One of the very few feel-good stories in the recent history of U.S.-Iranian relations came to an unexpectedly abrupt end last week, when Iranian authorities cut short a series of wrestling exhibition matches in the United States. The first round, held in New York last Wednesday, drew large, boisterous crowds and buoyant media coverage, helping to animate a three-nation campaign (with Russia) to sustain wrestling as an Olympic sport and raise funds for youth wrestling programs. No sooner had the applause in New York died down, however, than Tehran opted to ditch a planned Los Angeles stop on the tour, and the Iranian wrestlers quickly returned to Tehran on Saturday.

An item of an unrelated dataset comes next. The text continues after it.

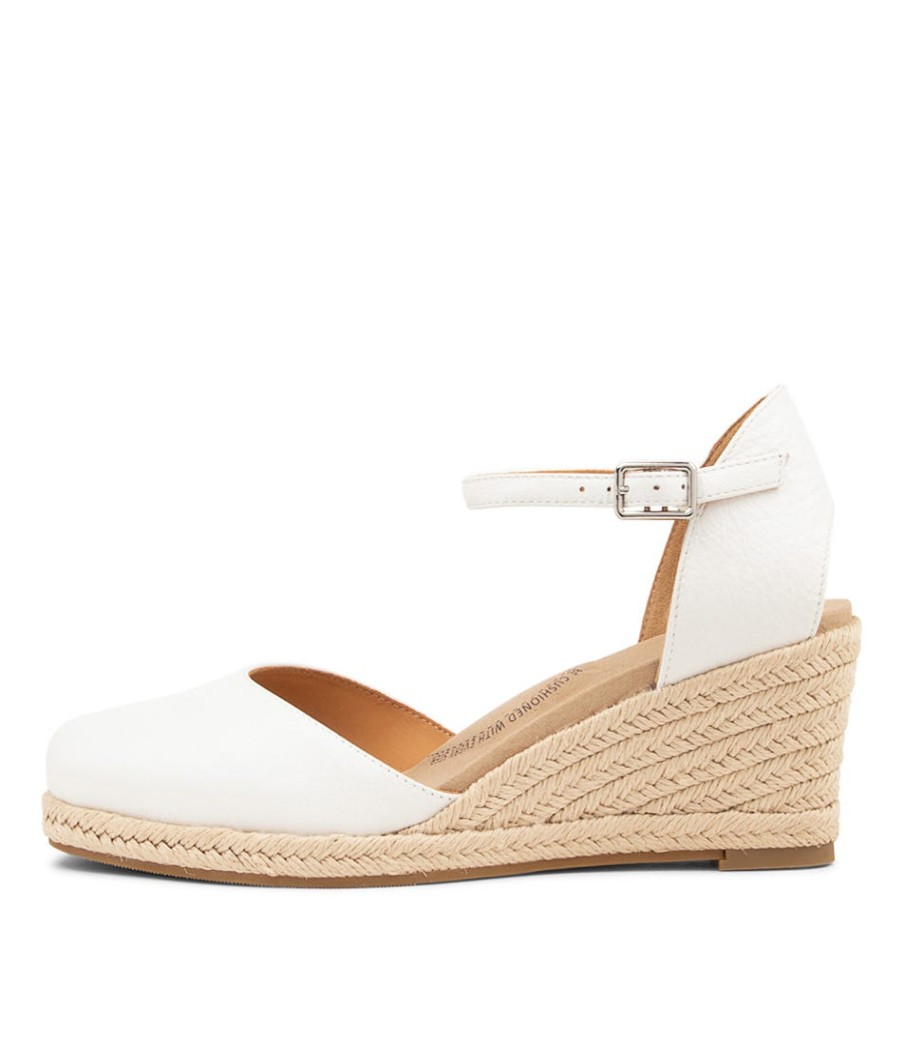 ZIERA Autumn W White Leather Heels | Espadrilles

So far, the rationale for the decision seems vague, and there are discrepancies between the statement of the exhibition’s American sponsor, USA Wrestling, and the official Iranian press agency’s rendition. News reports referenced Iranian concerns about security provisions, and rumors circulated of anticipated protests by members of the large Iranian diaspora living in Southern California. Whatever the explanation, the hasty truncation of the American-Iranian wrestling tour is unfortunate but not entirely unexpected. For all sunny sentiments associated with cultural diplomacy, managing the political and logistical complexities of people-to-people exchanges between such longstanding adversaries can be fraught with potential minefields.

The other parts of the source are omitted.